Directions for this task> All lines from the one containing "Yurt Cabin, Yurt" through the final line of the listing below, and no others, must be returned exactly; no pictures belong in the copy.

==== Supplied records

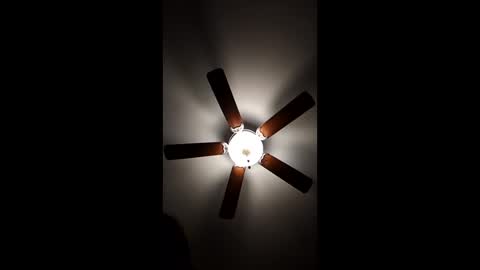 mrorange50187 online show from 12.18.24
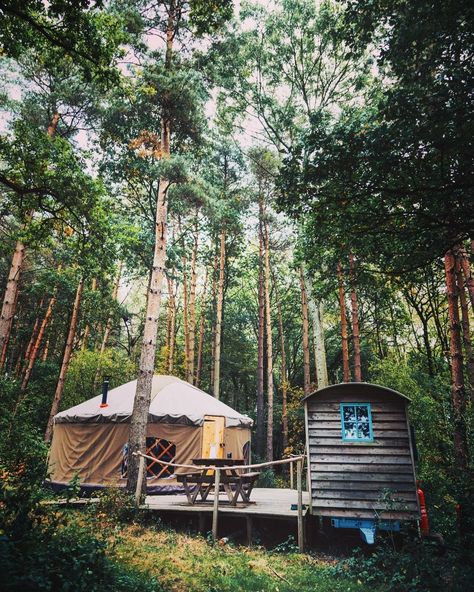 Yurt Cabin, Yurt Aesthetic, Yurt Ideas, Wood Yurt Plans, Wood Yurt Home, Yurt Campground, Yoga Yurt, Connected Yurts, Yurt Camping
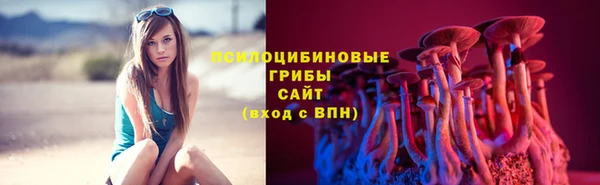 спайс Богданович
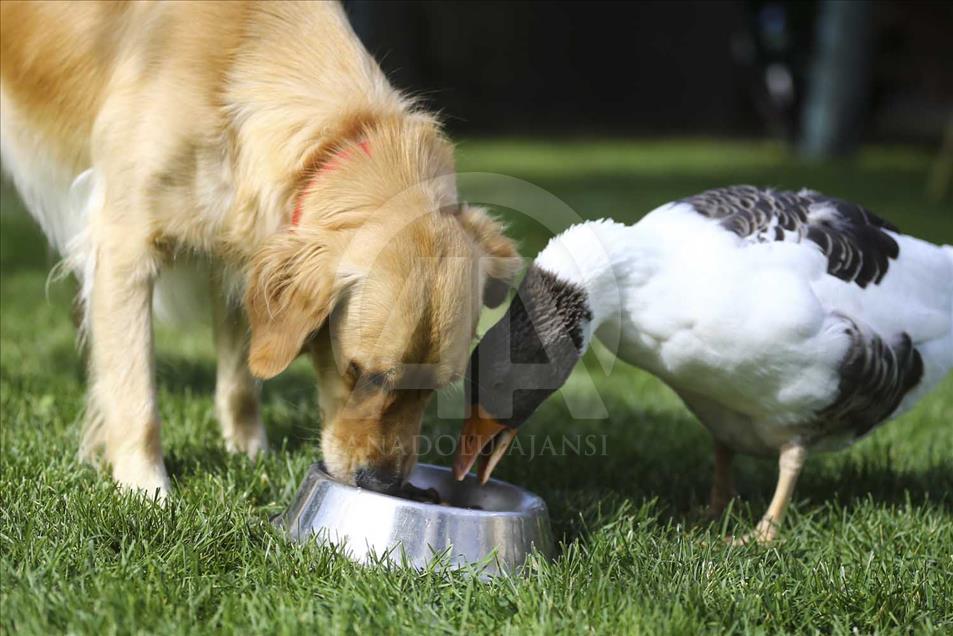 La extraña amistad entre un perro y un ganso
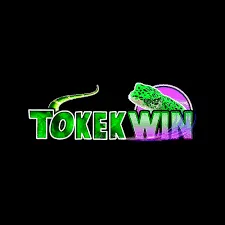 tokekwin APK RPG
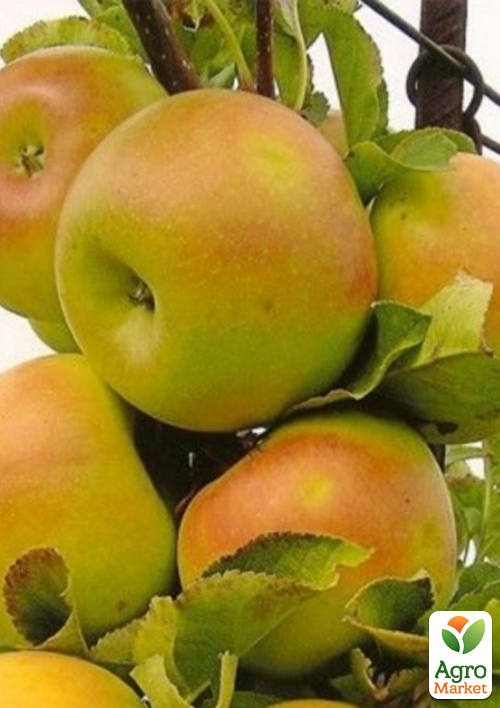 Яблоня колоновидная "Искорка" (высокие вкусовые качества, средний срок созревания)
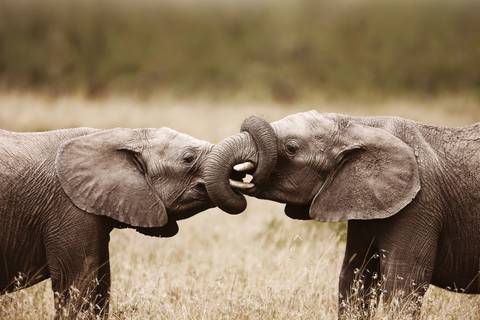 Africa Wildlife Safaris And Game Drives Tour: Cape Town & The Garden Route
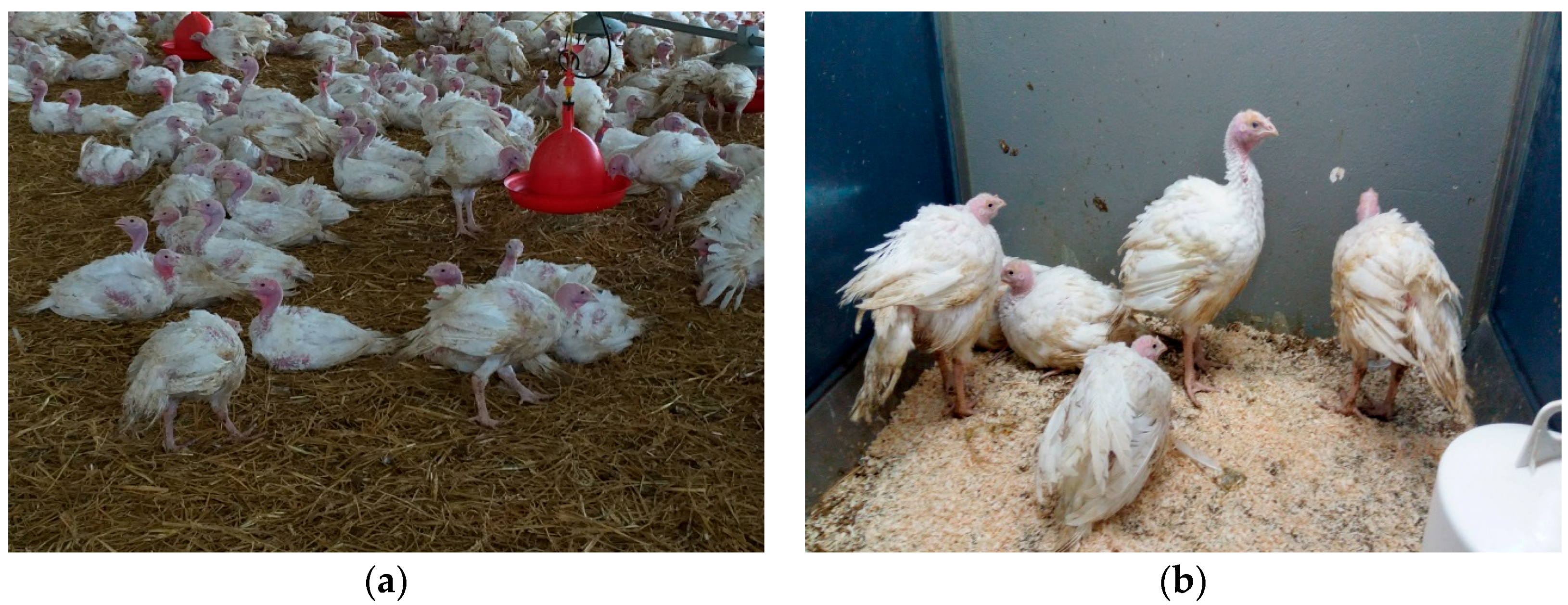 Vetsci 04 00049 g001 550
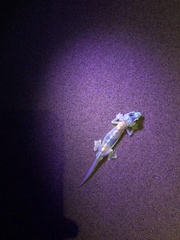 Pachydactylus rangei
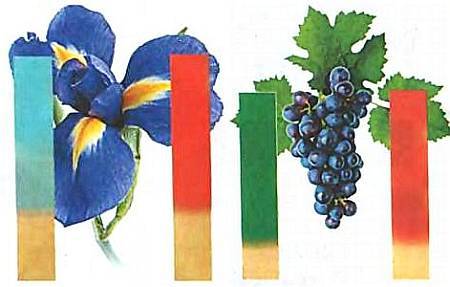 Юный техник, 2013 № 06 - _47.jpg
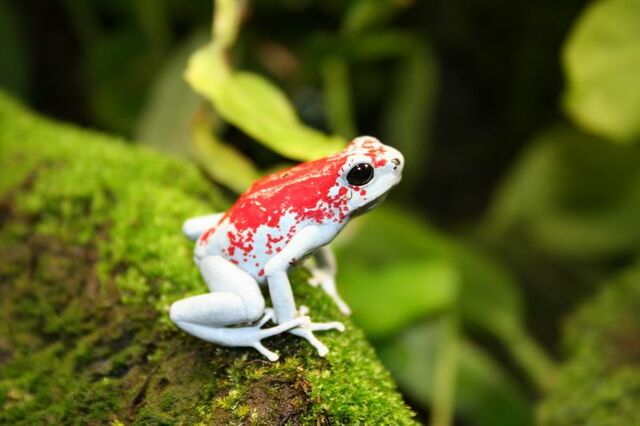 File:Canada flag frog.jpg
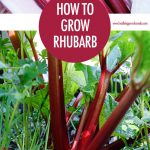 How to Grow Rhubarb | Food Bloggers of Canada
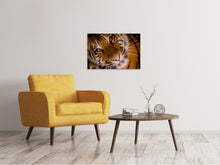 Laden Sie das Bild in den Galerie-Viewer, Leinwandbild Tiger Gesicht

========

Task answer>
 Yurt Cabin, Yurt Aesthetic, Yurt Ideas, Wood Yurt Plans, Wood Yurt Home, Yurt Campground, Yoga Yurt, Connected Yurts, Yurt Camping
 спайс Богданович
 La extraña amistad entre un perro y un ganso
 tokekwin APK RPG
 Яблоня колоновидная "Искорка" (высокие вкусовые качества, средний срок созревания)
 Africa Wildlife Safaris And Game Drives Tour: Cape Town & The Garden Route
 Vetsci 04 00049 g001 550
 Pachydactylus rangei
 Юный техник, 2013 № 06 - _47.jpg
 File:Canada flag frog.jpg
 How to Grow Rhubarb | Food Bloggers of Canada
 Laden Sie das Bild in den Galerie-Viewer, Leinwandbild Tiger Gesicht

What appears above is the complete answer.